• Task item
Using the listing below, work out how many lines include the word "show". Only the number is to be given.

• Excerpted records
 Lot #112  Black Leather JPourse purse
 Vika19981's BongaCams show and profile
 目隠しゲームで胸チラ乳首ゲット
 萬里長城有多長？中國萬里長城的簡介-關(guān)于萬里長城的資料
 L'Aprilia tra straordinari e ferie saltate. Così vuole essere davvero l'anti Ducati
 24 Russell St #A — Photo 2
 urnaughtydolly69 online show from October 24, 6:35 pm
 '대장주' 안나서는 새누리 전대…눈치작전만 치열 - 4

--

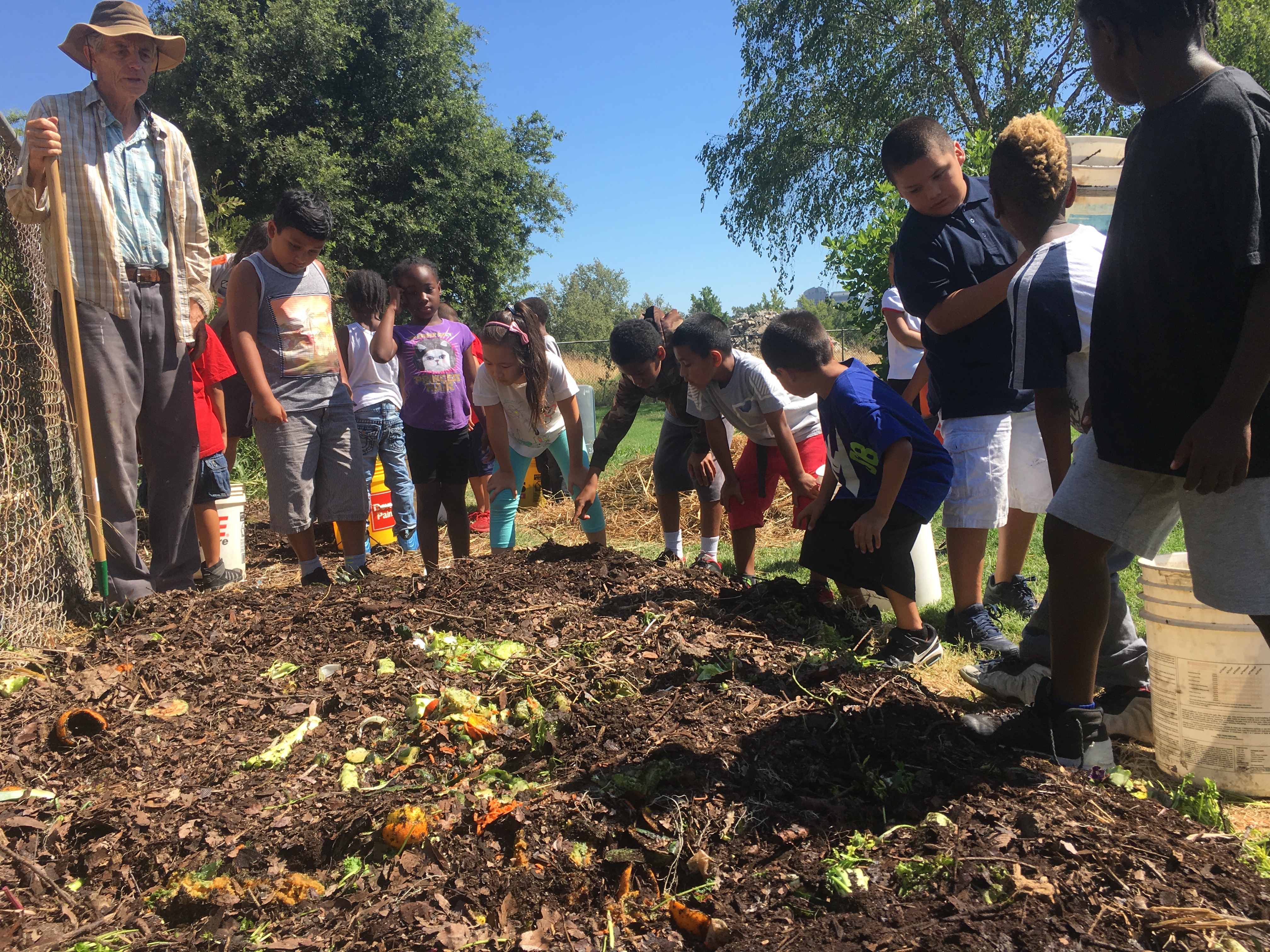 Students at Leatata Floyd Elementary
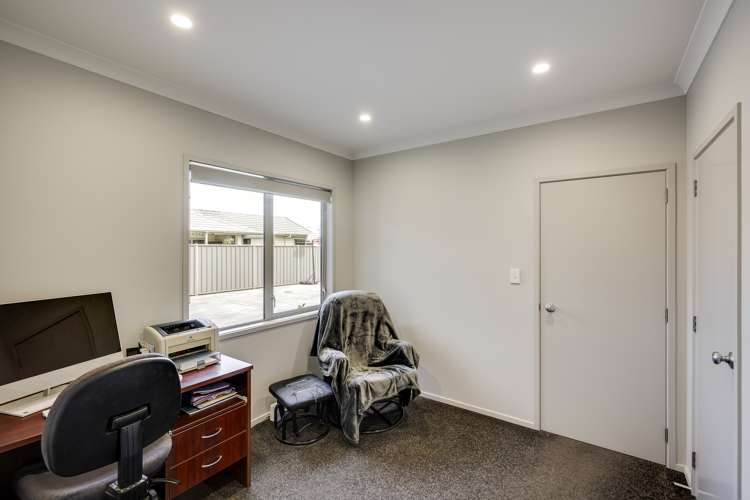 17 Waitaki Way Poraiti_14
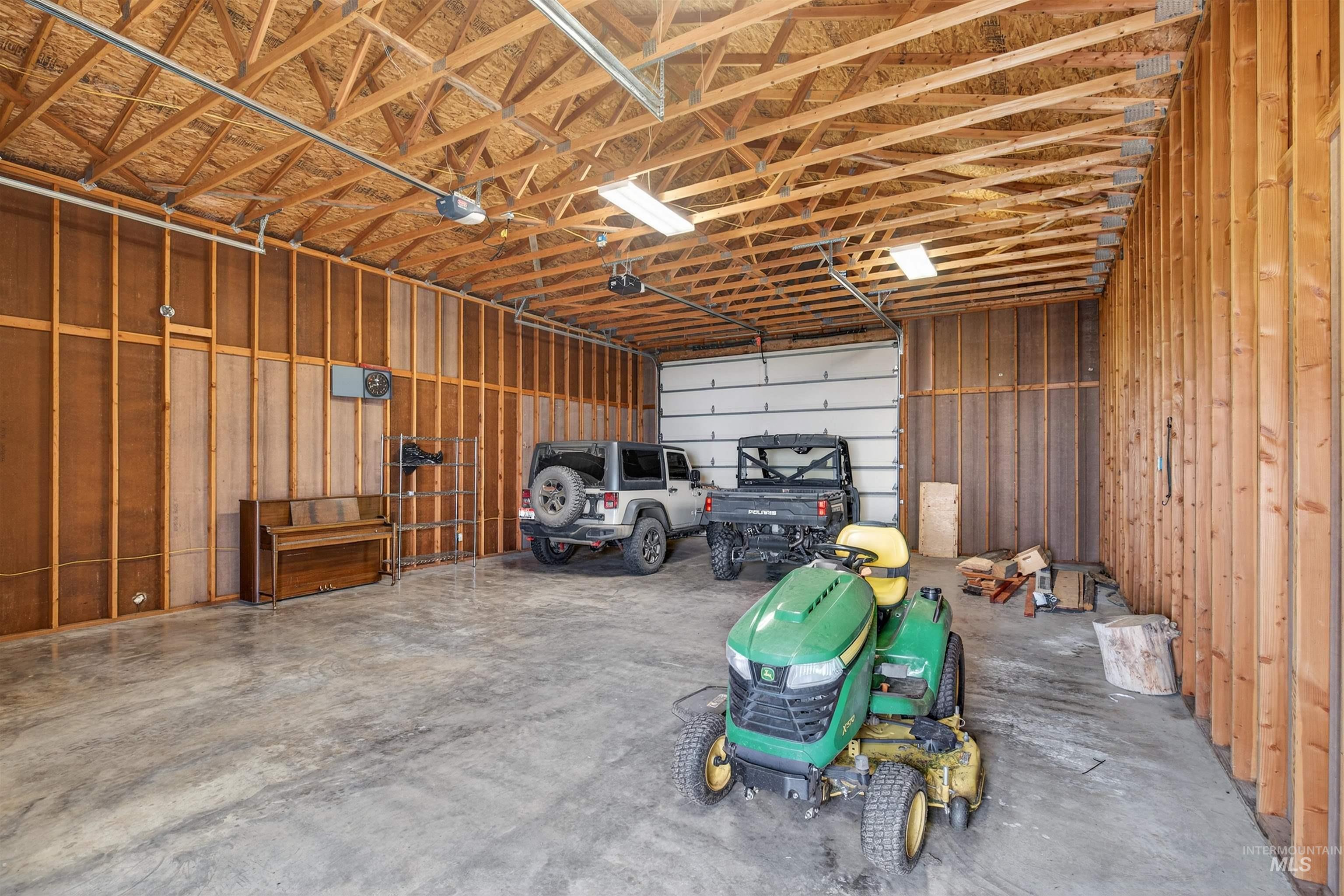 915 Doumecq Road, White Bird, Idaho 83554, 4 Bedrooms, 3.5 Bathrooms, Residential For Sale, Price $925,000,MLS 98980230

---

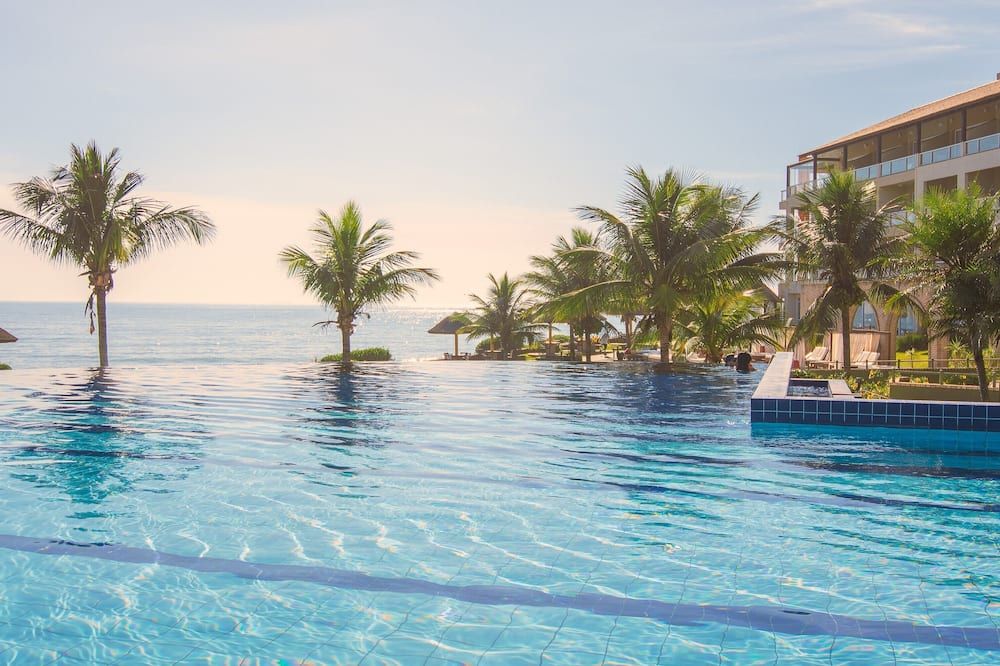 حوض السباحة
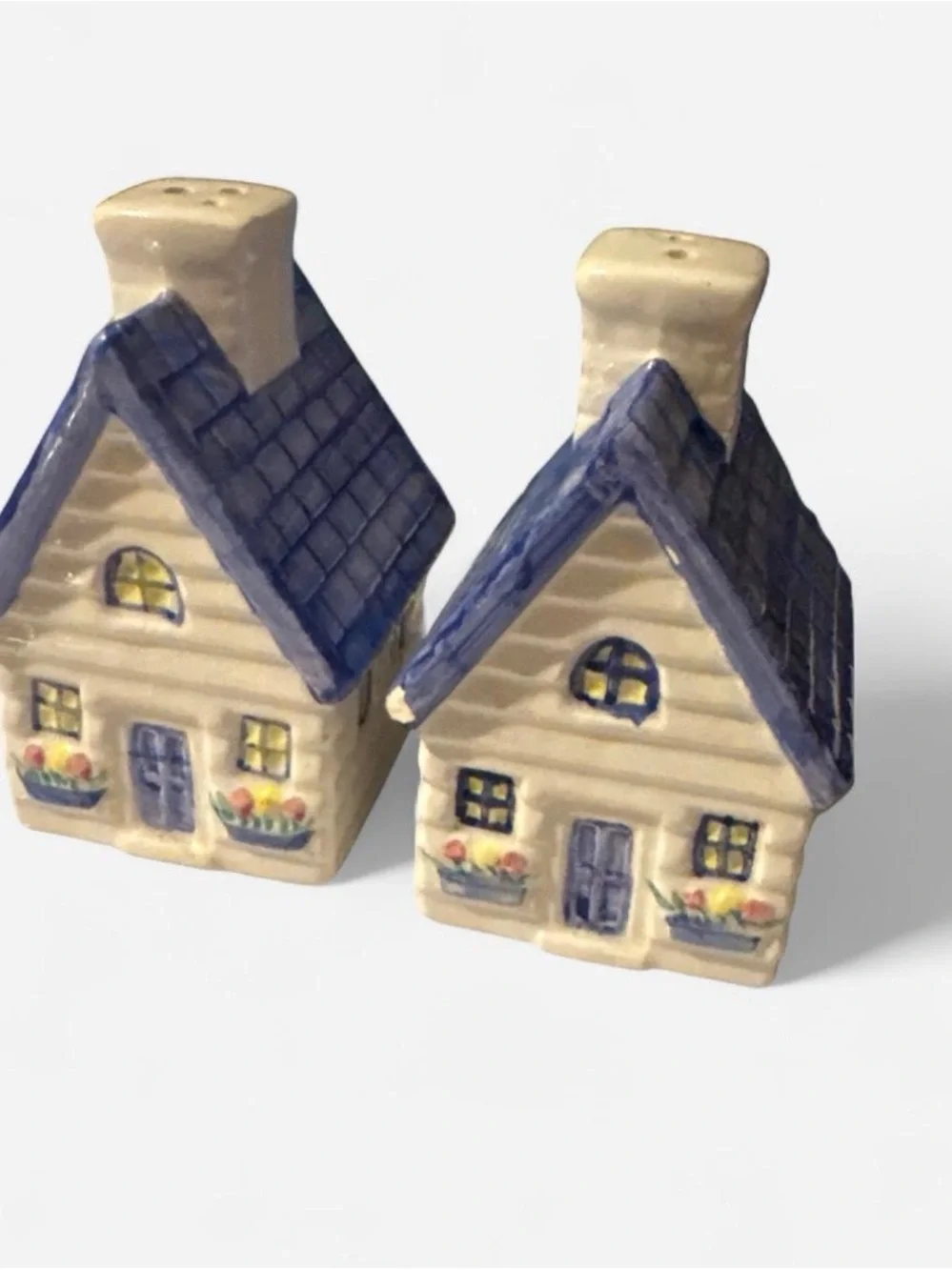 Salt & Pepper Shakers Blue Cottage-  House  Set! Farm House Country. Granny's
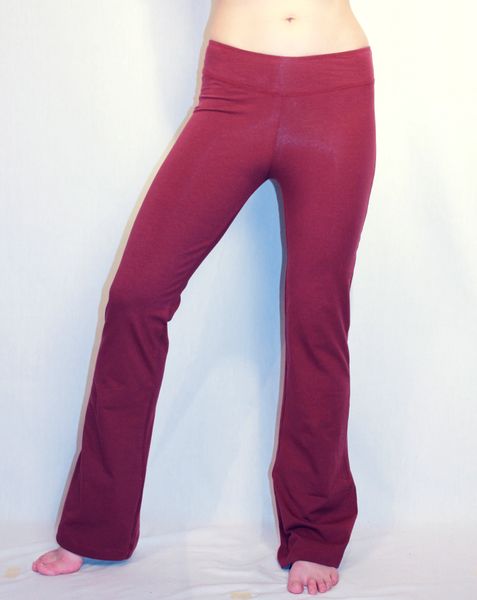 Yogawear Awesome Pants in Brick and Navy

• Solved problem
2